Las grandes urbes se transformaron en aldeas de tránsito nocturno para los más pobres sin trabajo ni hogar, abandonados a su propia marginalidad. De día, deambulaban los desocupados, sin esperanza alguna de reinsertarse en la otrora sociedad productiva.

El gobierno militar había iniciado un viaje sin retorno. Se había volcado a los brazos de las decisiones del poder económico internacional y navegaba entre aguas turbias sin piloto, desde la proa de nuestro país, haciendo agua y sin destino.

Pero en 1982 el pueblo comenzó a reaccionar.

Las Organizaciones Sindicales desplegaron su poder multitudinario el día 30 de marzo sobre la Plaza de Mayo, exigiendo un cambio definitivo de la cruenta política nacional. El ciudadano común, también hizo llegar su reclamo y la explosión cívica se transformó en un clamor unánime.

Las fuerzas armadas no toleraron ese procedimiento y volcaron a las calles de la Ciudad de Buenos Aires una represión salvaje. La policía apuntó sus escopetas de gases lacrimógenos al cuerpo de los transeúntes, golpeó salvajemente a miles de desarmados manifestantes. Hubo heridos y muertos y la íntima convicción de que el gobierno militar se derrumbaba definitivamente.

Apenas tres días después, aquellos militares, diminutos soldaditos colmados de medallas inmerecidas, lanzaron una estrategia desesperada en favor de su permanencia en el poder de facto.

Invadían Malvinas.

Como cada uno de los acontecimientos de la historia argentina, envueltos en situaciones inverosímiles e improvisadas, las Malvinas se convirtieron en la excusa del espanto y las fuerzas armadas de entonces, empequeñecidas por la rapacidad de sus jefes y que habían procedido tan crudamente contra la civilidad durante seis años de caótico gobierno, mostraron su verdadero rostro cobarde y despojado de todo respeto al más elemental de los derechos humanos, llevando a la avanzada de la guerra a los ciudadanos más jóvenes, que sin preparación psicológica ni bélica, opusieron su pecho a las balas enemigas.

“Y si los ingleses vienen, presentaremos batalla”, como supo decir entre copas, ese desafortunado monigote devenido en Presidente.
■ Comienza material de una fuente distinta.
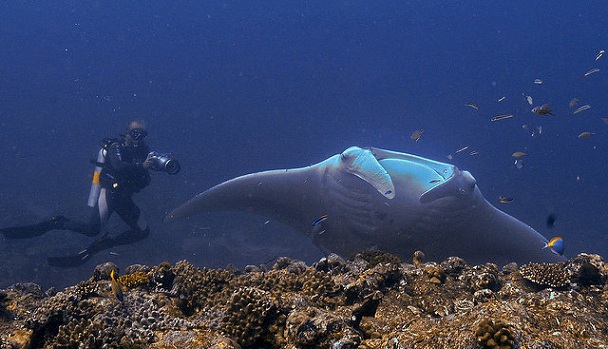 manta-point_maldives-tourist-places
Y en medio de aquel hondo y desenfrenado lodazal, mataron a los chicos de la guerra.

Cuando los que no iban a venir hasta el Atlántico Sur alcanzaron la línea de los jefes, éstos se rindieron sin ofrecer resistencia. Lo supimos después, al enterarnos de los acontecimientos sucesivos en las islas Georgias y en Puerto Argentino.

La última estrategia de los militares para mantenerse en el gobierno, también había fracasado y no valía la pena arriesgar más vidas. Ya habían entregado a la muerte la vida de los jóvenes.

Al igual que nuestro pasado, intentaban destruir nuestro futuro.

Han pasado treinta y cuatro años de esta tragedia nacional y la democracia nos permite decir cosas que la falta de libertad nos impedía.